Intervint alors une amie très chère de Louise, Myrthe, gaulliste de la première heure avec son mari André, qui était à ce moment-là la secrétaire d’un officier allemand (tout en faisant partie de la Résistance et très active dans le transport d’armes) et qui alla à la Croix-Rouge allemande faire un esclandre pour réclamer Arlette.
A cette époque, le père de Louise travaillait comme menuisier à la conception des décors de l’Opéra de Lyon.

Il récupéra Arlette et la confia à Paul Camerlo, futur directeur de l’Opéra de Lyon qui avait lui, l’autorisation de traverser la Saône en bateau, le soir, tard après les représentations. Il a sauvé
également beaucoup d’autres personnes de la même façon.
L’opéra de Lyon date de 1756, mais a été détruit en 1826, puis reconstruit en 1831.
En 1989, des travaux gigantesques durant 4 ans n’ont gardé que les façades, car trop vétuste, il ne correspondait plus aux normes modernes.
Inauguré en 1993, il y a maintenant 18 étages, dont 5 en sous-sol.
Arlette finit par arriver avec Myrthe, dans sa famille de Bourdeaux, dans la Drôme.
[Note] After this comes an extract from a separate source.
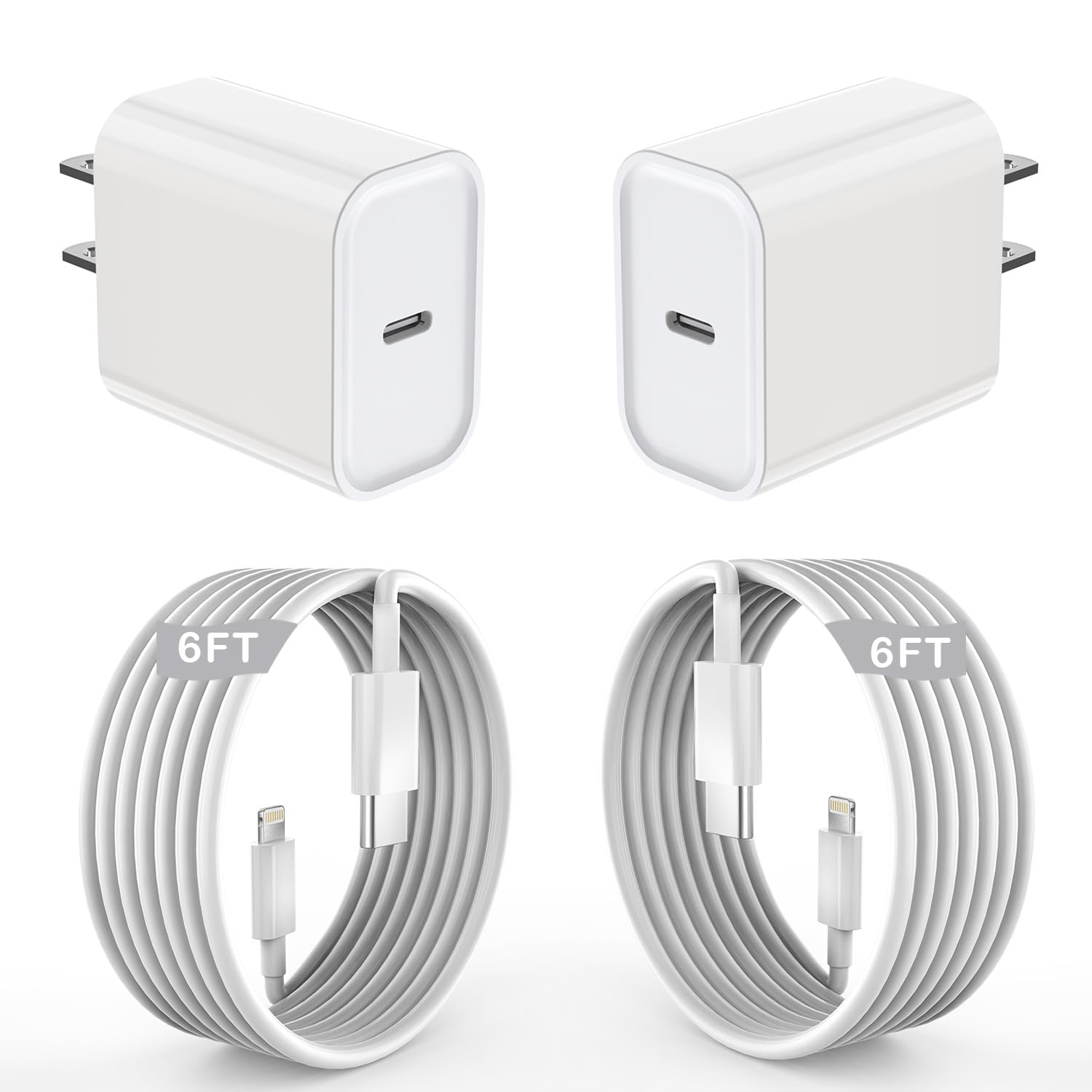 Fast Charging for iPhone 14 13 12 11,2Pack MFi Certified, USB C Charger Block with 6FT USB C to Lightning Cable Charging for iPhone 14/14 Pro Max/13/13 Pro Max/12/12 Pro Max/11/11Pro/XS/Max/XR/X,iPad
Louise a été emprisonnée pendant plus de trois mois dans des conditions terribles au Fort Montluc, dirigé par Klaus Barbie, de sinistre renommée. C’était le lieu de passage de tous ceux, soit qui y sont morts après avoir été torturés, comme Jean Moulin plus tard, soit fusillés sur place, ou partis dans les convois pour les camps de concentration, comme tous les enfants d’Izieu et les familles juives de Lyon et des alentours.

Louise sortira libre du Fort Montluc le 20 août 1944, juste avant la libération de Lyon, le 3 septembre.
Elle avait pu recevoir un colis de sa famille, avec un petit mot écrit par Maurice sur un bout de tissu caché dans l’ourlet d’un vêtement lui apprenant que sa fille avait été sauvée et était en sécurité dans sa famille de la Drôme.
Maurice était parti pour le maquis.
Louise gardera de son séjour à Montluc, entre autres soucis de santé, une mèche de cheveux blancs qu’elle n’avait pas trois mois avant.
Malgré tout, son fils Jean-Pierre est né au mois de janvier 1945, soit cinq mois après sa libération.